Après l’"écoterrorisme", ennemi à peu près imaginaire, produit du FBI et de l’écrivaste Jean-Christophe Rufin (Le parfum d’Adam) ; après le "bioterrorisme", ennemi bien réel issu des laboratoires de l’Etat – comme démontré par l’affaire de l’"anthrax" en 2001 – voici le mauvais Terrien. Réfractaire au "Green New Deal", aux "écotechnologies" ; nanotechnologies, géo-ingénierie, nucléaire et informatisation de la "planète intelligente", cyberville globale où chacun se plie aux règles de la survie technifiée. Sauf à devenir le nouvel ennemi de l’"humanité élargie" : post-humains, transhumains, cyborgs, "Successeurs", "hommes bioniques", "augmentés" et autres "Singularités", qu’on nous assigne désormais comme notre futur inéluctable et désirable.

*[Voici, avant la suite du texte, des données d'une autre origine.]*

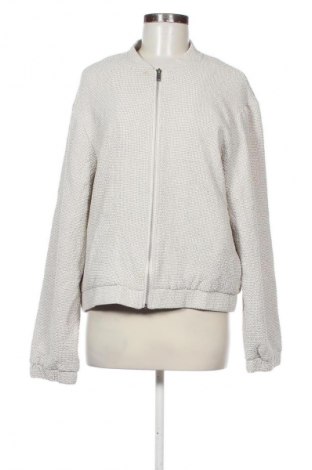 Geacă de femei Aada Studios, Mărime L, Culoare Multicolor, Preț 494,99 Lei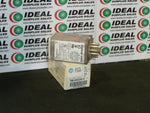  Allen Bradley  700-HA33A12  Control Relay 10A  3PDT  12VAC  50/60HZ Image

Huit ans après, le fin mot de la "World War on Terrorism". Ce qu’elle a permis. Ce qui a changé. Ce qui a été perdu sans retour. Et l’avènement de l’Ordre Vert dans un monde en contraction où s’effrondrent les frontières entre local et global, intérieur et extérieur, temps de paix et temps de guerre.